This short article will provide you with a description of this new JVM 1.6 HotSpot OutOfMemoryError error message and how you should attack this problem until its resolution.
You can also refer to this post for a real case study on a Java Heap problem (OutOfMemoryError: GC overhead limit exceeded) affecting a JBoss production system.
Please also feel free to post any comment or question if you need help with your problem.
java.lang.OutOfMemoryError: GC overhead limit exceeded – what is it?
Everyone involved in Java EE production support is familiar with OutOfMemoryError problems since they are one of the most common problem type you can face. However, if your environment recently upgraded to Java HotSpot 1.6 VM, you may have observed this error message in the logs: java.lang.OutOfMemoryError: GC overhead limit exceeded.
GC overhead limit exceeded is a new policy that was added by default for the Java HotSpot VM 1.6 only. It basically allows the VM to detect potential OutOfMemoryError conditions earlier and before it runs out of Java Heap space; allowing the JVM to abort the current Thread(s) processing with this OOM error.
The policy criterias are based on the elapsed time and frequency of your VM GC collections e.g. GC elapsed time too high, too many Full GC iterations or too much time spent in GC can trigger this error.
The official Sun statement is a par below:
The parallel / concurrent collector will throw an OutOfMemoryError if too much time is being spent in garbage collection: if more than 98% of the total time is spent in garbage collection and less than 2% of the heap is recovered, an OutOfMemoryError will be thrown. This feature is designed to prevent applications from running for an extended period of time while making little or no progress because the heap is too small. If necessary, this feature can be disabled by adding the option -XX:-UseGCOverheadLimit to the command line.
Is it useful for Java EE production systems?
I have found on most of my problem cases that this new policy is useful at some level since it is preventing a full JVM hang and allowing you to take some actions such as data collection, JVM Heap Dump, JVM Thread Dump etc. before the whole JVM becomes unresponsive.
But don’t expect this new feature to fix your Java Heap problem, it is meant to prevent a full JVM hang and to abort some big memory allocation etc. you must still perform your own analysis and due diligence.
Is there any scenario where it can cause more harm than good?
Yes, Java applications dealing with large memory allocations / chunks could see much more frequent OOM due to GC overhead limit exceeded. Some applications dealing with a long GC elapsed time but healthy overall memory usage could also be affected.
In the above scenarios, you may want to consider turning OFF this policy and see if it’s helping your environment stability.
java.lang.OutOfMemoryError: GC overhead limit exceeded – can I disable it?
Yes, you can disable this default policy by simply adding this parameter at your JVM start-up:
Please keep in mind that this error is very likely to be a symptom of a JVM Heap / tuning problem so my recommendation to you is always to focus on the root cause as opposed to the symptom.
java.lang.OutOfMemoryError: GC overhead limit exceeded – how can I fix it?

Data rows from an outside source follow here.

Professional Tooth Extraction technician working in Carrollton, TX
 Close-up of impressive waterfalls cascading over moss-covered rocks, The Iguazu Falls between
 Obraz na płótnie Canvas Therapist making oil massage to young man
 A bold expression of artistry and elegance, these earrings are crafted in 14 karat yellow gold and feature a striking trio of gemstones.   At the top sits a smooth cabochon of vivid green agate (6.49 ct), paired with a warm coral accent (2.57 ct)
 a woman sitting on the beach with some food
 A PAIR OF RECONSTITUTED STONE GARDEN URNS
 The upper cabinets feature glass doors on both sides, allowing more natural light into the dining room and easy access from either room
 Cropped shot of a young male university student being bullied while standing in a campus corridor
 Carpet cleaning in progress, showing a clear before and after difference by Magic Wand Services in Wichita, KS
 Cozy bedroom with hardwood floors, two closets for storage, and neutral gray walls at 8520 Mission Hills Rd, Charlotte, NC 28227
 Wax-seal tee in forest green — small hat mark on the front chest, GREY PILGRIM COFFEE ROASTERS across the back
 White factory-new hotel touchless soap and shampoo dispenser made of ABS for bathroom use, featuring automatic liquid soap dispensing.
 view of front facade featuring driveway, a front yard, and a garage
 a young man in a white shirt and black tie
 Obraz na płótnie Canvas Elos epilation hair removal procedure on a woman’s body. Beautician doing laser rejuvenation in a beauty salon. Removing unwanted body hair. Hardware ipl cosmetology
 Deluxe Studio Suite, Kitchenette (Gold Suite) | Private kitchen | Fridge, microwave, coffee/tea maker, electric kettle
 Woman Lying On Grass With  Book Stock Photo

You should not worry too much about the GC overhead limit error itself since it’s very likely just a symptom / hint. What you must focus on is on your potential Java Heap problem(s) such as Java Heap leak, improper Java Heap tuning etc. Find below a list of high level steps to troubleshoot further:
· If not done already, enabled verbose GC >> -verbose:gc
· Analyze the verbose GC output and determine the memory footprint of the Java Heap; including the ratio of Young Gen vs. Old Gen.. Having an old gen footprint too high will lead to too many frequent Full GC and ultimately to the OOM : GC overhead limit exceeded
· Analyze the verbose GC output or use a tool like JConsole to determine if your Java Heap is leaking over time. This can be observed via monitoring of the HotSpot old gen space.
· Look at your young Gen requirement as well, if you application generates a lot of short live objects then your Java Heap space must be big enough in order for the VM to allocate a bigger Young Gen space
· If facing a Java Heap leak and / or if you have concern on your Old Gen footprint then add the following parameter to your start-up JVM arguments: -XX:+HeapDumpOnOutOfMemoryError . This will generate a Heap Dump (hprof format) on OOM event that you can analyze using a tool like Memory Analyzer or JHat.